Você tem diversos motivos para estar num emprego: tem o salário para pagar suas contas no fim do mês – assumindo que já tomou vergonha na cara e parou de parasitar papai e mamãe. Mas tem o aprendizado: você tem a oportunidade de estar sendo pago não só para cumprir suas responsabilidades mas explorar muito mais que as empresas estabelecidas já aprenderam e você pode absorver “de graça”. Cada crítica negativa que você recebe, cada reclamação, é uma chance de aprimorar algo que você nem sabia que não tinha. “No pain, no gain.”
O próprio fato de você achar dificuldade em encontrar outra empresa que o contrate demonstra que ainda lhe falta capacidades. Outra frase comum de ouvir é “Eu faria mais, mas ninguém me dá uma chance (ou me paga mais).” Se já se ouviu dizendo isso, você ainda tem muito a aprender. E até mesmo para ser um empreendedor essa é a coisa mais básica: ninguém nunca vai lhe dar qualquer coisa de graça, tudo é uma troca voluntária para mútuo benefício. Se não há benefício, não tem negócio.
E vou lhes dizer qual é o pior lugar do mundo para se aprender tudo isso: na sua própria primeira empresa. O resultado mais comum quando alguém totalmente inexperiente resolve abrir sua própria empresa? É se tornar exatamente o tipo de chefe que foi descrito, segundo o autor do blog que trabalhou na Apple.

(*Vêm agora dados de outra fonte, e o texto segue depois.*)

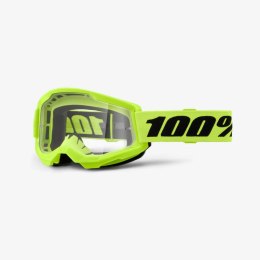 100 PROCENT GOGLE STRATA 2 NEON -CLEAR LENS - FLUO SZYBKA PRZEŹROCZYSTA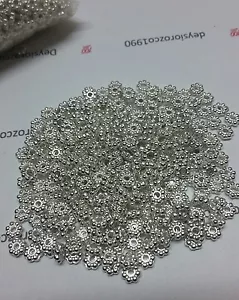 100 pz perline fiori margherita argento tibetano 5 mm x 2 mm gioielli risultati - Foto 1 di 5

PS: existem diversas formas do autor do blog ter resolvido seu problema interno. Uma empresa do tamanho da Apple, com mais de 80 mil funcionários, certamente tem não um, mas diversos caminhos para resolver problemas. Não saber encontrá-los só demonstra que ainda falta muito a aprender. Afinal, quem tem boca vai a Roma.